Claude Desktop doesn't see the server

Check the config path:
- macOS: ~/Library/Application Support/Claude/claude_desktop_config.json
- Windows: %APPDATA%\Claude\claude_desktop_config.json
- Linux: ~/.config/Claude/claude_desktop_config.json
Verify the paths in the config are absolute, not relative
Restart Claude Desktop completely
Check Claude Desktop logs:
- macOS: ~/Library/Logs/Claude/mcp*.log

Transcript extraction fails

Check if the video has captions enabled
Try specifying multiple languages: languages=["en", "es", "auto"]
If the video is private or restricted, transcripts won't be available
Consider using a proxy if you're rate-limited: Set YOUTUBE_PROXY environment variable

Tags are rejected

Ensure tags are UPPERCASE
Use underscores _, not spaces or hyphens
Use forward slashes / for hierarchy
Check that the root category is in the allowed list
Use validate_tags tool to check tags before saving

Path security errors

The server restricts file operations to within your vault. If you see PathSecurityError:

Verify VAULT_ROOT is set correctly
Ensure you're not using .. in paths
Check that the target folder exists

Security Considerations

Path Traversal Protection: All filesystem operations validate paths stay within vault
Stdio Transport: Server runs as subprocess, no network ports exposed
Sandboxed Environment: Cannot access files outside configured vault root
Input Validation: All tool inputs validated via Pydantic schemas

Related Projects

License

Contributing

Contributions welcome!
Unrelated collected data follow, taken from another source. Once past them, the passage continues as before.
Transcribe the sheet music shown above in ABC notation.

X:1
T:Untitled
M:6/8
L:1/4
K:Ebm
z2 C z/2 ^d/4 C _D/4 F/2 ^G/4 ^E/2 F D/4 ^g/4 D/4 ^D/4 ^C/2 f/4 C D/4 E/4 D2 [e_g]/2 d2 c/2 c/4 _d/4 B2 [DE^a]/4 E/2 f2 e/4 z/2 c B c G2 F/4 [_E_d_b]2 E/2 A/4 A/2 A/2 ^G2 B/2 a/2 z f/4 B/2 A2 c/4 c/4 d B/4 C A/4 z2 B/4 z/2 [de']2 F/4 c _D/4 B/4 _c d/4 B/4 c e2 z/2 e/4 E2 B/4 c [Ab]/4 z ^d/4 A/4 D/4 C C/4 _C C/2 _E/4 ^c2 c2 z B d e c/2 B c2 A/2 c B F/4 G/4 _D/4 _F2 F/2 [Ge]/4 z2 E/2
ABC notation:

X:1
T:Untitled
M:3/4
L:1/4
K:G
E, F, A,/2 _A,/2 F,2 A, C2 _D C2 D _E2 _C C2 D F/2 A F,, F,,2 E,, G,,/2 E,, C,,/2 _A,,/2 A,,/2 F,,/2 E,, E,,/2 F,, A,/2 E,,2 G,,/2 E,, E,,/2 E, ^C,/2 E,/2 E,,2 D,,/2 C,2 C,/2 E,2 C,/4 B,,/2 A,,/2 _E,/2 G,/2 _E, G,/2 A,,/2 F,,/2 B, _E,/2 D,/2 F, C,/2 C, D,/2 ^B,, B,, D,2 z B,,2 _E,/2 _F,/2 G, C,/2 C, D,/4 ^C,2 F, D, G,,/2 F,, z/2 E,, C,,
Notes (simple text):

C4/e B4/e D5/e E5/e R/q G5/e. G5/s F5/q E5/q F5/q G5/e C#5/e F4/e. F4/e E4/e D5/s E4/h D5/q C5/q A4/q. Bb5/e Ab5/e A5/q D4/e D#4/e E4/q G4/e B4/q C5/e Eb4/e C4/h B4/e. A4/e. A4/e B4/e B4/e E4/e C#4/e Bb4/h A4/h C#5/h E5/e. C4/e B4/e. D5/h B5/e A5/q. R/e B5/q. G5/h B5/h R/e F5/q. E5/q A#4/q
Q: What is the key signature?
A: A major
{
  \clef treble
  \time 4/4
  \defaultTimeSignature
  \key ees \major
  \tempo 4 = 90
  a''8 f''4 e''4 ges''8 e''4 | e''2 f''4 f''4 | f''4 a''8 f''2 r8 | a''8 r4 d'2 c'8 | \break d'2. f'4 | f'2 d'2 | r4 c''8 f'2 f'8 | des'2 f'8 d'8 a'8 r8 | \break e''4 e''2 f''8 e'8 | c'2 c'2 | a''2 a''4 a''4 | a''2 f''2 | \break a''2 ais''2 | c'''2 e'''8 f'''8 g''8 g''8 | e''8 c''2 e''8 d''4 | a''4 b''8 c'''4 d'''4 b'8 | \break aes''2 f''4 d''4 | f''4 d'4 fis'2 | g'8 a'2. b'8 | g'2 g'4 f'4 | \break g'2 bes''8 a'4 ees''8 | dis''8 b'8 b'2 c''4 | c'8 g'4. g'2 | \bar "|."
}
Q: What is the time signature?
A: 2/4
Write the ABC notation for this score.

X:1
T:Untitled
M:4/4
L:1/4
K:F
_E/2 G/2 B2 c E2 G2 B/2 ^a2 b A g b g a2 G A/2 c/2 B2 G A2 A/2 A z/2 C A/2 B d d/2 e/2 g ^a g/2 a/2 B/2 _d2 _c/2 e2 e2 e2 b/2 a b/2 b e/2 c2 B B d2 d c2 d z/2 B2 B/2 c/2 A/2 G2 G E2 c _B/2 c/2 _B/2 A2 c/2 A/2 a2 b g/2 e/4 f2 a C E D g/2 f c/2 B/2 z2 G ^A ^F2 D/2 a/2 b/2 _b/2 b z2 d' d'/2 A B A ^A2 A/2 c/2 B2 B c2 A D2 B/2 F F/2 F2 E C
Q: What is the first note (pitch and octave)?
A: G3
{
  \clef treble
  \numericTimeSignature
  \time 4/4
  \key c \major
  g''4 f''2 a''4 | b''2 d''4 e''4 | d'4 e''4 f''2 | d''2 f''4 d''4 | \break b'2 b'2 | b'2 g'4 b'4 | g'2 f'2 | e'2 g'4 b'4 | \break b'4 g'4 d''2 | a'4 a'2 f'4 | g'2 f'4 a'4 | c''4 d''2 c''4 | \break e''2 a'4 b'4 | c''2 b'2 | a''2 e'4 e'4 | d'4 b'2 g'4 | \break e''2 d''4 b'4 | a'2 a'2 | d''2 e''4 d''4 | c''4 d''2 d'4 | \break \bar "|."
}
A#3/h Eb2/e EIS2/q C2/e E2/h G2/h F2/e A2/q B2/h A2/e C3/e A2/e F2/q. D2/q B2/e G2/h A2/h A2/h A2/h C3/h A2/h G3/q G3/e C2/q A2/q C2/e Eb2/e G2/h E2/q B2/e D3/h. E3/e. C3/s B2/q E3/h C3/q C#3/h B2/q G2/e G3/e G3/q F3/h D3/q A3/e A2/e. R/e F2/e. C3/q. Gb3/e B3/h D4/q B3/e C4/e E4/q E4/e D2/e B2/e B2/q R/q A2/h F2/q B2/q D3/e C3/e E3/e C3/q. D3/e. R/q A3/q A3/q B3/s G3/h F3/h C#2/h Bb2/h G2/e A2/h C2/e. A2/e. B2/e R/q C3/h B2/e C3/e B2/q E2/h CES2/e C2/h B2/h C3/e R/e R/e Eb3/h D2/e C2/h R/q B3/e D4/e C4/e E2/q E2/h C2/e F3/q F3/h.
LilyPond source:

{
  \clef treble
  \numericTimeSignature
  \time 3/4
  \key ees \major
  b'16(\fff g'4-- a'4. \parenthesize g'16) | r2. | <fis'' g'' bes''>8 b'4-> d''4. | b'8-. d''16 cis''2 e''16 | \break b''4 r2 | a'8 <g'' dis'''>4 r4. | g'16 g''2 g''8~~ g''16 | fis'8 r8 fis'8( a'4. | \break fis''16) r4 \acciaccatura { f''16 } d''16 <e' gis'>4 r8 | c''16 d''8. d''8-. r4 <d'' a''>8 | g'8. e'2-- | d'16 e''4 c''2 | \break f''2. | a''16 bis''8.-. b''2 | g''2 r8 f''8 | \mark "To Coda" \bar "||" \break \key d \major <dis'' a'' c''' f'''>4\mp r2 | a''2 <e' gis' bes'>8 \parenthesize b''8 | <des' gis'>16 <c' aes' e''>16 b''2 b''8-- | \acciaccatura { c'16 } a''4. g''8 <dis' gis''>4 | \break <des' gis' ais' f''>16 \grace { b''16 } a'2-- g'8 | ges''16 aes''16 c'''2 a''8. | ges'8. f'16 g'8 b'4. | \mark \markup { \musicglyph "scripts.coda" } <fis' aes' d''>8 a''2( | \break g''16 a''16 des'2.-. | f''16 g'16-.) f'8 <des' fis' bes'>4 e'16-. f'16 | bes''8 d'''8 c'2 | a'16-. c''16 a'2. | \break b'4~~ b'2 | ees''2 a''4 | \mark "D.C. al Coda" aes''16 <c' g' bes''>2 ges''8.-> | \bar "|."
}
Please:

Fork the repository
Create a feature branch
Add tests for new functionality
Ensure all tests pass
Submit a pull request

Acknowledgments

Based on the architectural patterns described in the INSTRUCTION.txt document, implementing professional software engineering practices for personal knowledge management.